Faded are July’s warmth, summer’s cheers. Supplanted now by the encroaching hints of cooler days, forgotten expectations, procrastinated chores shelved, he can only now muse without dwelling on what won’t be. Could-have-beens and maybes aren’t statistically meaningful; they never really were, except to others in relation to their expectations and dreams for him. Regret is not something that taints him. He does not feel a talent wasted. He recalls every crucial moment as it was, for what it was.
Unburdened by excuses, unwilling to pass blame. A trait truly a gift not wasted.
It was what it was and is, he did what he had done, and it has all come down to this: seasons of joy, of youth, of expectations – have dwindled, and he savors their uncertainty of numbers. Youth cannot serve that master. He revels in coming autumn and finds it no burden as winter creeps in to bury and renew. Spring will be welcome, but no more or less than its brethren.
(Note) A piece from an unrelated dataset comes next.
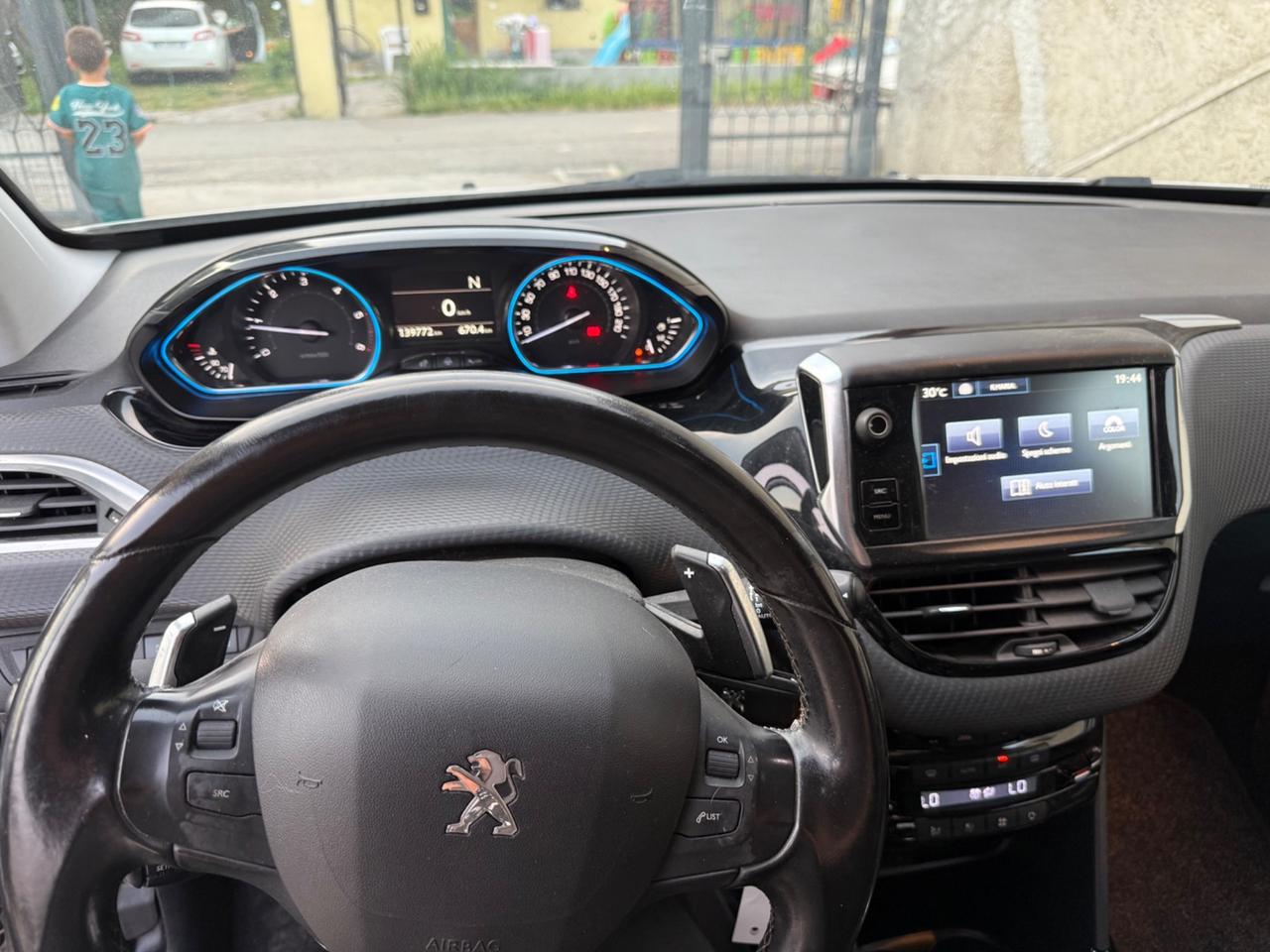 Peugeot 2008 BlueHDi 100 S&S Allure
Memories are not subsistence. This he knows for fact. Cheers he once accepted have faded. Others have taken his place on stage. As many have forgotten him as remember him. The field of honor which he once ruled by force and triumphant jousting he now benevolently presides over. The thought occurs that maybe his soul is the autumn grass; wearily vibrant, going dormant. In need of a respite. The patriarch emeritus smiles in triumph.
Zipping up his coat, its collar turned upward against the gathering winds of fall, he leans into the breeze, stiffening his resolve. The air is quiet, save the wind, and he is at peace with the simple knowledge that spring will, someday, sometime, for whatever reason, return. But for now, time is in his comfortable grasp, for he now understands its tenuous and uncontrollable nature; he can tuck it safely away like a pocket watch in vest pocket, and stroll through the lovely, dark and deep woods without fear of reprisal from promises not kept.